◆ **DESCRIPTION OF THE TASK**
Reproduce the listing verbatim through the line with "OE Replacement Aluminum".

◆ **RECORDS SUPPLIED**

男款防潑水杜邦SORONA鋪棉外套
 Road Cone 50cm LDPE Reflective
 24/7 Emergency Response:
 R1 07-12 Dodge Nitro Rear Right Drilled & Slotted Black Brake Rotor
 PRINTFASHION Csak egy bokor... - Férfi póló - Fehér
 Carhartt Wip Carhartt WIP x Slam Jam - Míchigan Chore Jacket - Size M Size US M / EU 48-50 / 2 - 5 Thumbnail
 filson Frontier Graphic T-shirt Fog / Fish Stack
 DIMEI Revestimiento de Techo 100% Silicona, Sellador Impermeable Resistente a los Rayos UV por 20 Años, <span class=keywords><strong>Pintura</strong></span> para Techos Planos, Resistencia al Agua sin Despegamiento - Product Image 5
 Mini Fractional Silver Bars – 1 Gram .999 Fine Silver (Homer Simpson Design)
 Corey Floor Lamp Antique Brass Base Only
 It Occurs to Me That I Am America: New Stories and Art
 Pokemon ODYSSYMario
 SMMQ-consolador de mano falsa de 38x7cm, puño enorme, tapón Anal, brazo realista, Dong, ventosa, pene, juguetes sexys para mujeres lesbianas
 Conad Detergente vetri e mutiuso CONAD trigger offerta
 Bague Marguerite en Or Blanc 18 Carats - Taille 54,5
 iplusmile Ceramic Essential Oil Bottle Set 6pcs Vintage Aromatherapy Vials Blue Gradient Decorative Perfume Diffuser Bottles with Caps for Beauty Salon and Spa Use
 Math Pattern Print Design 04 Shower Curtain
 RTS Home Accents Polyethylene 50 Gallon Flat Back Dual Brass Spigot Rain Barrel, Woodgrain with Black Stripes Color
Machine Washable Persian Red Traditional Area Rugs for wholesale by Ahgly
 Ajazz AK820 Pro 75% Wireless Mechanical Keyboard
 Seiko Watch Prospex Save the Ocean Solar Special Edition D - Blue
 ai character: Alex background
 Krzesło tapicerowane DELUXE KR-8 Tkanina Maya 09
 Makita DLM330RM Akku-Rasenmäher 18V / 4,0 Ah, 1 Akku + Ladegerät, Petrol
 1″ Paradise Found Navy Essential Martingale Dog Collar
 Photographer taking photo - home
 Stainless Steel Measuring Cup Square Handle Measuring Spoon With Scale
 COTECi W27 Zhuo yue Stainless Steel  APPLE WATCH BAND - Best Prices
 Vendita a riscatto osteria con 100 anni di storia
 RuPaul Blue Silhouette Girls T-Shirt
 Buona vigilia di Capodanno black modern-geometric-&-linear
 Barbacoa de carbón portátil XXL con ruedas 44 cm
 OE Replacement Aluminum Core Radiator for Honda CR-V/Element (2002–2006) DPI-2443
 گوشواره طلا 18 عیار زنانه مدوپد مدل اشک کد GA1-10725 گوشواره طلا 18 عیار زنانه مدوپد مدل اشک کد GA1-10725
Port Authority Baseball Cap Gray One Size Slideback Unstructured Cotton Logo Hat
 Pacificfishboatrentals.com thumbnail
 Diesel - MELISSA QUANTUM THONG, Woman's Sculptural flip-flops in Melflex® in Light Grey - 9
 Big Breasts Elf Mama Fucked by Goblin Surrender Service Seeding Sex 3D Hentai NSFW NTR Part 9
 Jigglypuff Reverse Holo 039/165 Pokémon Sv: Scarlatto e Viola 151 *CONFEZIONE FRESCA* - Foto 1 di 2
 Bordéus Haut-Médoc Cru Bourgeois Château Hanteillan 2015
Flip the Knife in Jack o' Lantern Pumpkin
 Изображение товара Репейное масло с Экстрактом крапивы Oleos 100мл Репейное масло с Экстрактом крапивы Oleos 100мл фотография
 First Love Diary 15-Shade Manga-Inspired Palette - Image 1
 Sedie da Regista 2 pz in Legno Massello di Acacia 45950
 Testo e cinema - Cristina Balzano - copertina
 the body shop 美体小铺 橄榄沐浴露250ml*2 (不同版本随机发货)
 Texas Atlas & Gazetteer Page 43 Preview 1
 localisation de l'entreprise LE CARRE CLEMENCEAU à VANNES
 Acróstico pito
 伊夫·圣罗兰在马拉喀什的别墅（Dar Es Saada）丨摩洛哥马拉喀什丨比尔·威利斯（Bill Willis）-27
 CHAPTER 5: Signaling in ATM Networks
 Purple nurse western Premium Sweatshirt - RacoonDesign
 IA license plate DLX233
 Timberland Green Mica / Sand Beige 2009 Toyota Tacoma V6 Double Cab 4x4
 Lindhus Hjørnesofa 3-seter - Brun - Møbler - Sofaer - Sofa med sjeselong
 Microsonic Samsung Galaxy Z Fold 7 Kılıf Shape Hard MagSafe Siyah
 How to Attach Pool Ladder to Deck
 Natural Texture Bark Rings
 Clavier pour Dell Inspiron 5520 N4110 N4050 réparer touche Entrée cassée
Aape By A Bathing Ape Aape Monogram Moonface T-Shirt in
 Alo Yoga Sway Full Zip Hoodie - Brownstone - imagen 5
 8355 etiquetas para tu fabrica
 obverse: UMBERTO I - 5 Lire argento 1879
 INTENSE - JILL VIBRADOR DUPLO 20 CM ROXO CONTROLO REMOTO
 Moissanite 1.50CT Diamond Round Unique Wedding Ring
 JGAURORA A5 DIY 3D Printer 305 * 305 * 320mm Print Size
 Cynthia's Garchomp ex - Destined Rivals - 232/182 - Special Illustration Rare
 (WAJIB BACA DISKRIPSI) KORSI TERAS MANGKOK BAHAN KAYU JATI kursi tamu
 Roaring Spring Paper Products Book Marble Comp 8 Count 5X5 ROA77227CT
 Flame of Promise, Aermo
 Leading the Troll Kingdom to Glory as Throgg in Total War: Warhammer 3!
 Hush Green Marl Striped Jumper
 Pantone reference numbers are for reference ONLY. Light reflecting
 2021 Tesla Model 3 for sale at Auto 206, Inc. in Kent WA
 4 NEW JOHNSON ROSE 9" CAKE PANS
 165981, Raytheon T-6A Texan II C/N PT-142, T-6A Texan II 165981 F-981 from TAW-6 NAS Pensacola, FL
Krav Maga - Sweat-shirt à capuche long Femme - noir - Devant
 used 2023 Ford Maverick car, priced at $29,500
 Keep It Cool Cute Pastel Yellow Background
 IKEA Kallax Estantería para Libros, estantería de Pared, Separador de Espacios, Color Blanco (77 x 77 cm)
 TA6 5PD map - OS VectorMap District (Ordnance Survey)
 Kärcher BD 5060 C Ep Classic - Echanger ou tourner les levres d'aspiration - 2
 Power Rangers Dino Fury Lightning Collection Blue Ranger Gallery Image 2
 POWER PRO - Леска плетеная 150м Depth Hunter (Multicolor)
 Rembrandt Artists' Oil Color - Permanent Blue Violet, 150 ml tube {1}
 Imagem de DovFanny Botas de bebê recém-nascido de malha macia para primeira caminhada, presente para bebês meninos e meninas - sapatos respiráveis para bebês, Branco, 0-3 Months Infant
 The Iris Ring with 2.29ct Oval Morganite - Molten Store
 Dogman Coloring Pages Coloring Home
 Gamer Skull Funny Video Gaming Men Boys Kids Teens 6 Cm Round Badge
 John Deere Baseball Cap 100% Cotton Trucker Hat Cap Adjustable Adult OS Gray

◆ **EXERCISE RESPONSE**
男款防潑水杜邦SORONA鋪棉外套
 Road Cone 50cm LDPE Reflective
 24/7 Emergency Response:
 R1 07-12 Dodge Nitro Rear Right Drilled & Slotted Black Brake Rotor
 PRINTFASHION Csak egy bokor... - Férfi póló - Fehér
 Carhartt Wip Carhartt WIP x Slam Jam - Míchigan Chore Jacket - Size M Size US M / EU 48-50 / 2 - 5 Thumbnail
 filson Frontier Graphic T-shirt Fog / Fish Stack
 DIMEI Revestimiento de Techo 100% Silicona, Sellador Impermeable Resistente a los Rayos UV por 20 Años, <span class=keywords><strong>Pintura</strong></span> para Techos Planos, Resistencia al Agua sin Despegamiento - Product Image 5
 Mini Fractional Silver Bars – 1 Gram .999 Fine Silver (Homer Simpson Design)
 Corey Floor Lamp Antique Brass Base Only
 It Occurs to Me That I Am America: New Stories and Art
 Pokemon ODYSSYMario
 SMMQ-consolador de mano falsa de 38x7cm, puño enorme, tapón Anal, brazo realista, Dong, ventosa, pene, juguetes sexys para mujeres lesbianas
 Conad Detergente vetri e mutiuso CONAD trigger offerta
 Bague Marguerite en Or Blanc 18 Carats - Taille 54,5
 iplusmile Ceramic Essential Oil Bottle Set 6pcs Vintage Aromatherapy Vials Blue Gradient Decorative Perfume Diffuser Bottles with Caps for Beauty Salon and Spa Use
 Math Pattern Print Design 04 Shower Curtain
 RTS Home Accents Polyethylene 50 Gallon Flat Back Dual Brass Spigot Rain Barrel, Woodgrain with Black Stripes Color
Machine Washable Persian Red Traditional Area Rugs for wholesale by Ahgly
 Ajazz AK820 Pro 75% Wireless Mechanical Keyboard
 Seiko Watch Prospex Save the Ocean Solar Special Edition D - Blue
 ai character: Alex background
 Krzesło tapicerowane DELUXE KR-8 Tkanina Maya 09
 Makita DLM330RM Akku-Rasenmäher 18V / 4,0 Ah, 1 Akku + Ladegerät, Petrol
 1″ Paradise Found Navy Essential Martingale Dog Collar
 Photographer taking photo - home
 Stainless Steel Measuring Cup Square Handle Measuring Spoon With Scale
 COTECi W27 Zhuo yue Stainless Steel  APPLE WATCH BAND - Best Prices
 Vendita a riscatto osteria con 100 anni di storia
 RuPaul Blue Silhouette Girls T-Shirt
 Buona vigilia di Capodanno black modern-geometric-&-linear
 Barbacoa de carbón portátil XXL con ruedas 44 cm
 OE Replacement Aluminum Core Radiator for Honda CR-V/Element (2002–2006) DPI-2443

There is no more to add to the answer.